CVA in the Cloud

Solve Large Scale CVA Computations

CVA in the Cloud

  • Solve large scale CVA computations with NAG software expertise

  • Computing CVA and sensitivities using Origami and AD offers significant performance benefits compared with using finite differences and legacy grid execution software which might take many hours.  

Summary

NAG has developed, in collaboration with Xi-FINTIQ, a CVA demonstration code to show how the NAG Library and NAG Algorithmic Differentiation (AD) tool dco/c++ combined with Origami – a Grid/Cloud Task Execution Framework available through NAG – can work together to solve large scale CVA computations.

CVA Demonstrator

Origami is a lightweight task execution framework. Users combine tasks into a task graph that Origami can execute on an ad-hoc cluster of workstations, on a dedicated in-house grid, on production cloud, or on a hybrid of all these. Origami handles all data transfers.

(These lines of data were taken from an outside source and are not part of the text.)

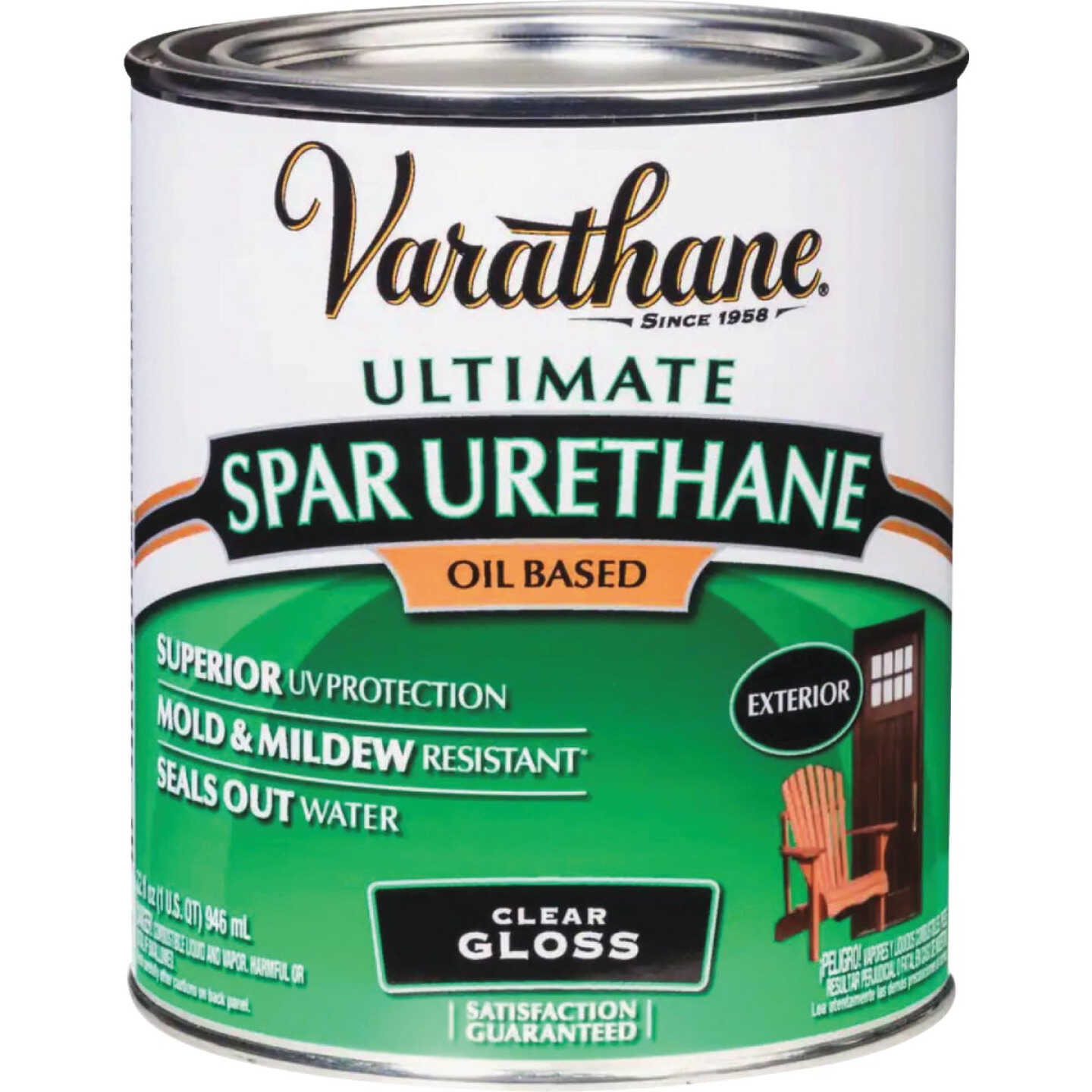 Varathane Gloss Clear Low VOC Exterior Spar Urethane, 1 Qt. Image 2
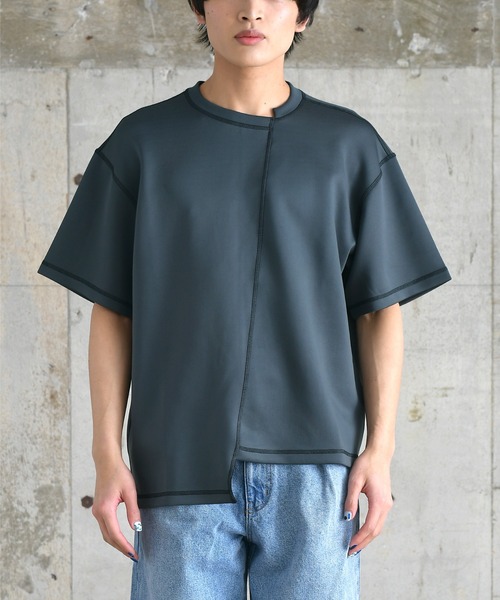 半袖Tシャツ メンズ プリーツ切替 . Amazon | [CERONIAS] [セロニアス] Tシャツ メンズ 半袖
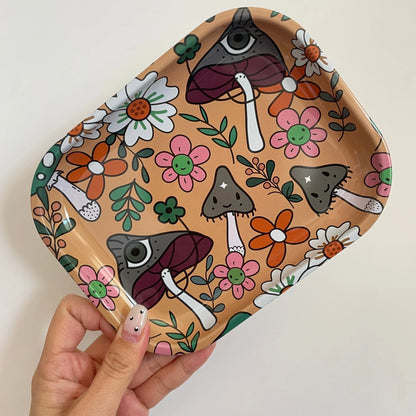 7×5.5 Inch Portable Rolling Tray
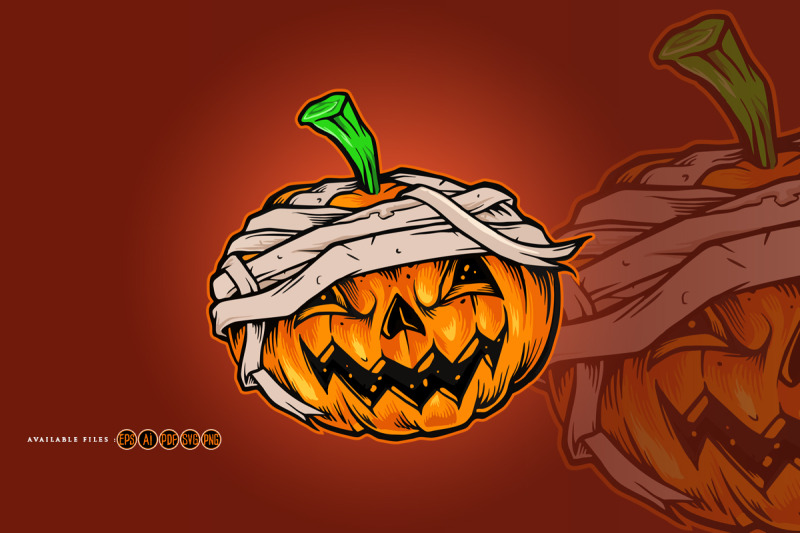 pumpkins-halloween-mascot-horror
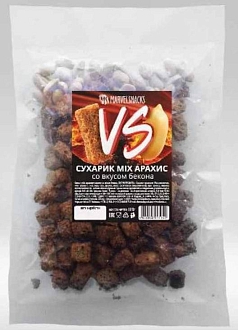 Микс сухарики с арахисом VS 100г в/у бекон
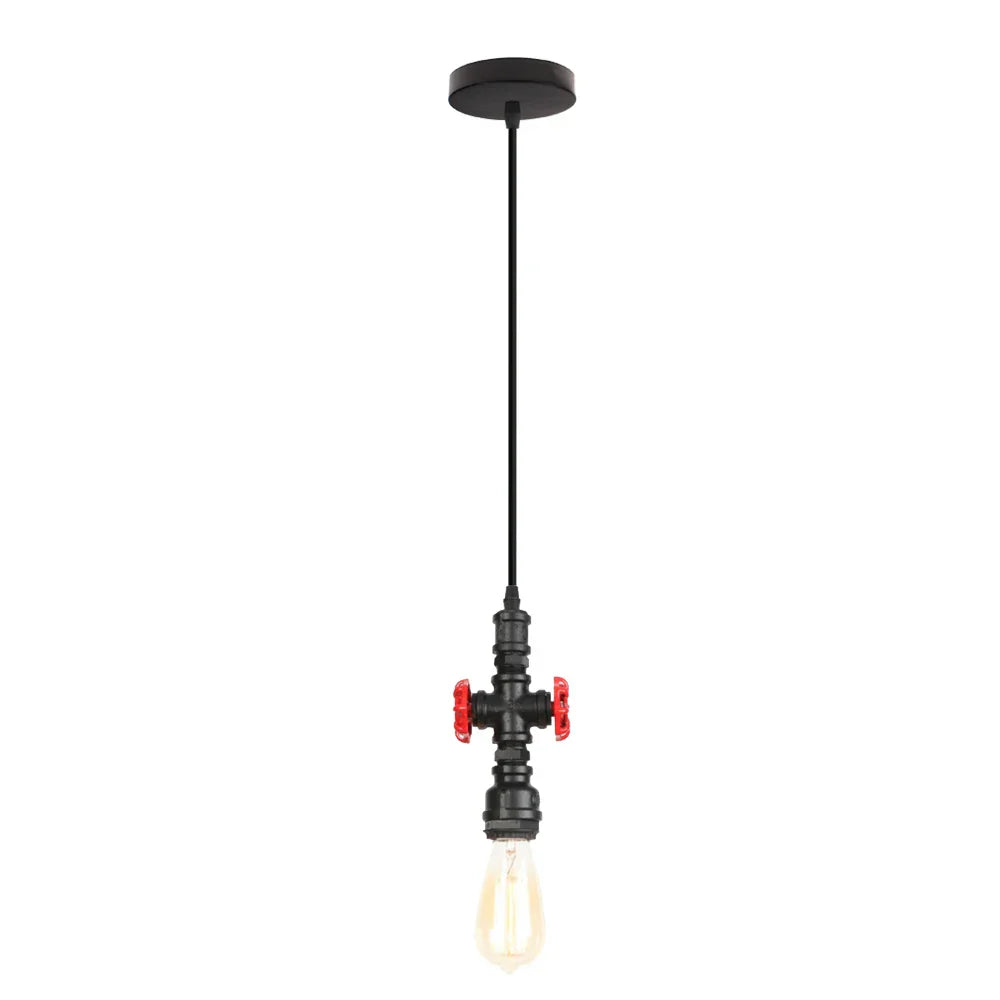 Industrial Retro Loft Pendant Light Water Pipe Ceiling Lamp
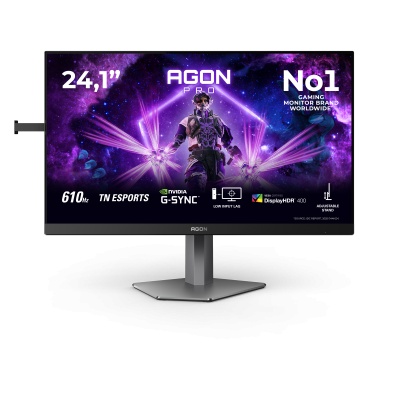Monitor Gaming AOC AG246FK6, 24.1", 1920 x 1080 pixeli, Black, Grey, 3 ani Garantie
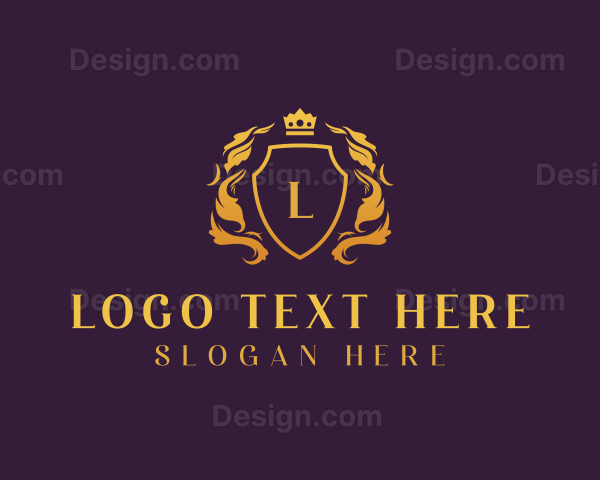 Elegant Royal Shield Logo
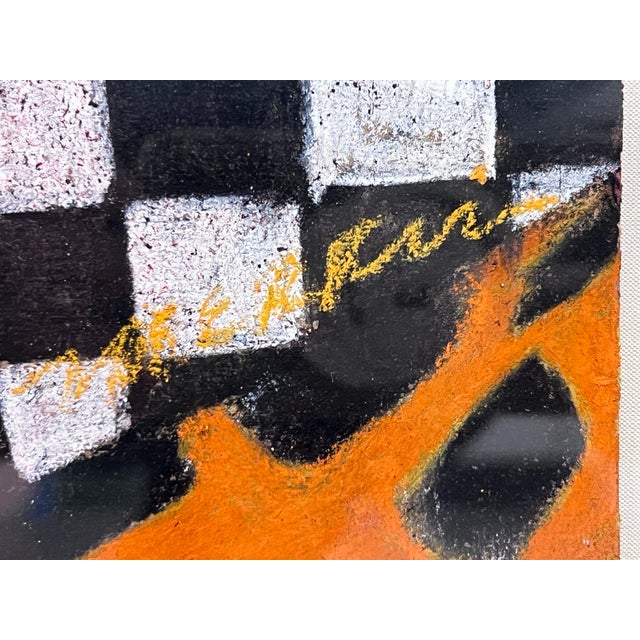 Circa 1965 Richard Merkin "Imaginary Portrait of Michael Frimkiss" Original Mixed Media Art Work, Framed For Sale - Image 10 of 12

In our CVA demonstrator the trades in netting sets are valued in batches. CVA is calculated per netting set by running the code forward as normal. The graph is then reserved and the dco/c++ adjoint version of each task is run to calculate sensitivities with respect to market instruments. The resulting graph has a large number of tasks with non-trivial dependencies which Origami automatically processes and executes.

Optimizations

Before running in the cloud we profiled our demonstrator and identified two main opportunities for performance improvements:

  • Reducing the amount of I/O, as this may perform poorly;
  • Optimizing the adjoint calculations, which consumed a significant proportion of the execution time.

Reducing I/O

Earlier versions of our CVA demonstrator relied on writing intermediate results (e.g. the outputs from the intermediate tasks in the graph) out to disk. Because this can introduce a large performance penalty, we modified the demonstrator to maintain these results in memory instead.

Writing a Symbolic Adjoint

The original version of the CVA demonstrator spent approximately 25% of its runtime calculating the adjoint of the NAG Library linear regression routine (g02daf). We therefore wrote a symbolic adjoint to improve the performance of the AD tasks:

Scaling

We ran the code on Microsoft’s Azure cloud computing service. We used D4s_v3 virtual machine (VM) images with 4 virtual CPUs and 16GB RAM running Ubuntu Server 18.04 LTS. The input data set contained 8 netting sets comprising a total of 28 843 swaps and 23 875 Bermudan swaptions. The Monte Carlo simulation used 2 000 paths. The code scales well as the number of VMs is increased.

Adjoint Efficiency

We measured the efficiency of our AD scheme by the adjoint ratio: the runtime of the AD computation divided by the runtime of the forward computation (lower is therefore better). We observe that the symbolic adjoint reduces the adjoint ratio:

Performance

Computing CVA and sensitivities using Origami and AD offers significant performance benefits compared with using finite differences and legacy grid execution software which might take many hours.

  Elapsed Time
Origami (4 VMs x 4 cores) and AD 49m 8s
Origami and AD, symbolic adjoint 36m 23s

Possible Future Work

  • Investigate different checkpointing strategies with the aim of reducing the code’s memory consumption;
  • Port the code to other operating architectures, e.g. GPUs.

Availability

To find out more about this work and related NAG products please contact support@nag.com and see the NAG Algorithmic Differentiation Solutions area 

Acknowledgements

We gratefully acknowledge the support of the POP CoE which has received funding from the European Union’s Horizon 2020 research and innovation programme under grant agreements No. 676553 and 824080, and has partially contributed to this work.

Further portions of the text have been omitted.